Wakschlag LS, Roberts MY, Flynn RM, Smith JD, Krogh-Jespersen S, Kaat AJ, Gray L, Walkup J, Marino BS, Norton ES, Davis MM. J. Clin. Child Adolesc. Psychol. 2019; 48(3): 539-554.

Affiliation

Department of Pediatrics, Feinberg School of Medicine & Institute for Innovations in Developmental Sciences , Northwestern University and Ann & Robert H. Lurie Children's Hospital of Chicago.

Copyright

(Copyright © 2019, Informa - Taylor and Francis Group)

DOI

10.1080/15374416.2018.1561296

PMID

30916591

Abstract

Mental disorders are the predominant chronic diseases of youth, with substantial life span morbidity and mortality. A wealth of evidence demonstrates that the neurodevelopmental roots of common mental health problems are present in early childhood. Unfortunately, this has not been translated to systematic strategies for improving population-level mental health at this most malleable neurodevelopmental period. We lay out a translational Mental Health, Earlier road map as a key future direction for prevention of mental disorder. This paradigm shift aims to reduce population attributable risk of mental disorder emanating from early life, by preventing, attenuating, or delaying onset/course of chronic psychopathology via the promotion of self-regulation in early childhood within large-scale health care delivery systems.

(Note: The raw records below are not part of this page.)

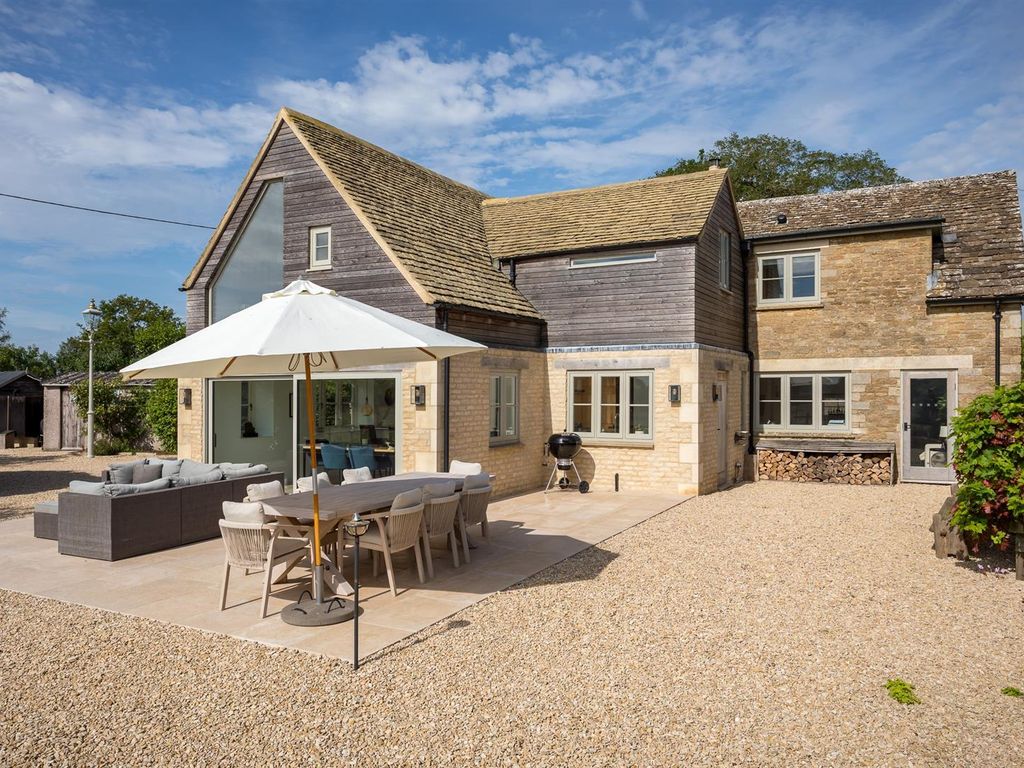 3 bed detached house for sale in Kemble Wick, Cirencester GL7 Zoopla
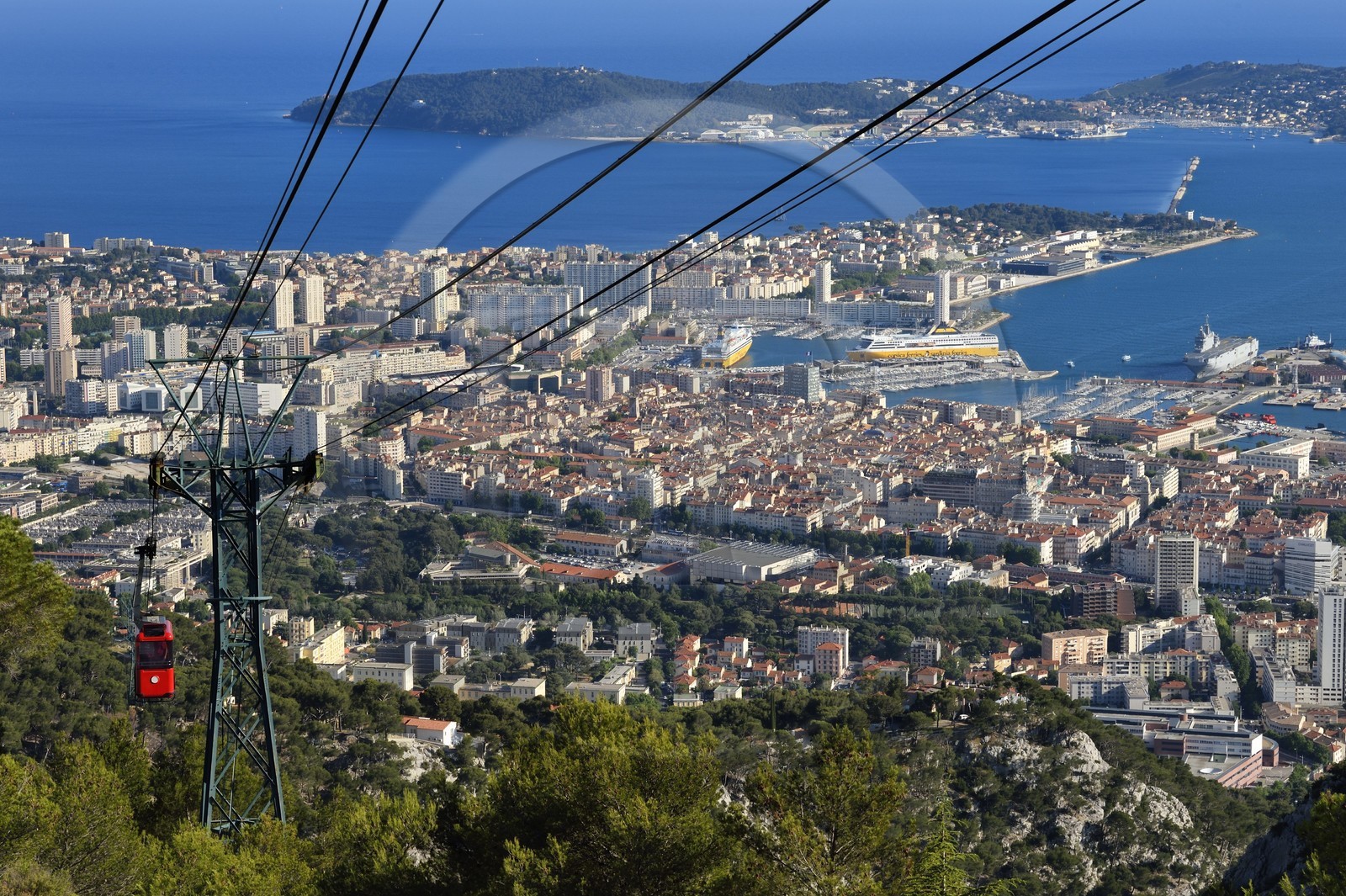 France, Var (83), Toulon, le téléphérique depuis le Mont Faron, la ville et le port militaire (Arsenal) ainsi que la presqu'Ile de Saint-Mandrier dans la rade en arrière plan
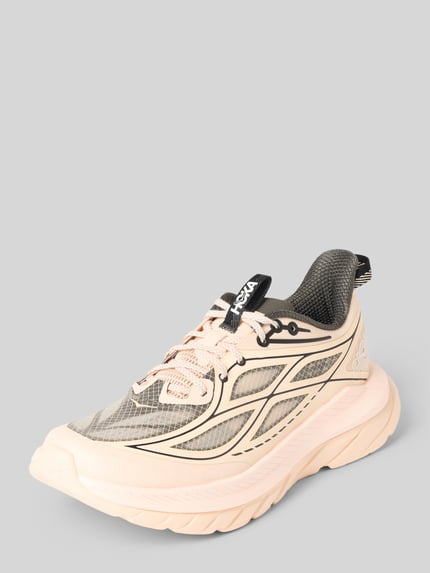 Productfoto, Sneaker met logoprint model 'KAWANA' van HOKA in beige en zwart, afgeronde pasvorm, vetersluiting, hakhoogte maat 40: 5 cm, schachthoogte: 7 cm, schachtbreedte: 9 cm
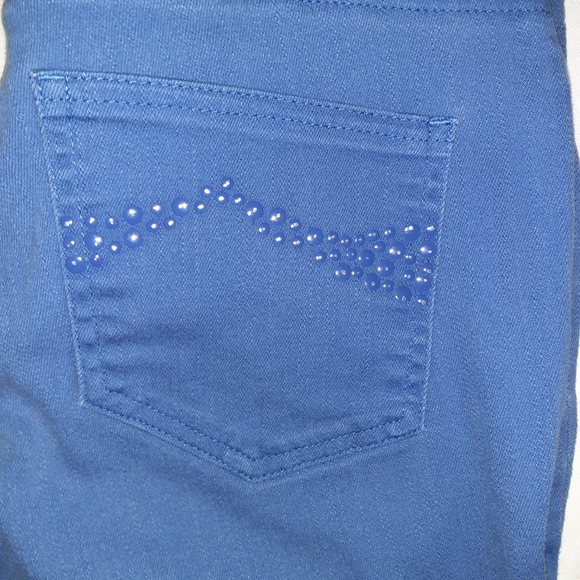 Jones New York Jeans - Picture 4 of 4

The Earlier Pillar rests on a "science of when to worry" that (a) optimizes clinical assessment methods for characterizing probabilistic clinical risk beginning in infancy via deliberate incorporation of neurodevelopmental heterogeneity, and (b) universal primary-care-based screening targeting patterns of dysregulated irritability as a robust transdiagnostic marker of vulnerability to life span mental health problems. The core of the Healthier Pillar is provision of low-intensity selective intervention promoting self-regulation for young children with developmentally atypical patterns of irritability within an implementation science framework in pediatric primary care to ensure highest population impact and sustainability. These Mental Health, Earlier strategies hold much promise for transforming clinical outlooks and ensuring young children's mental health and well-being in a manner that reverberates throughout the life span.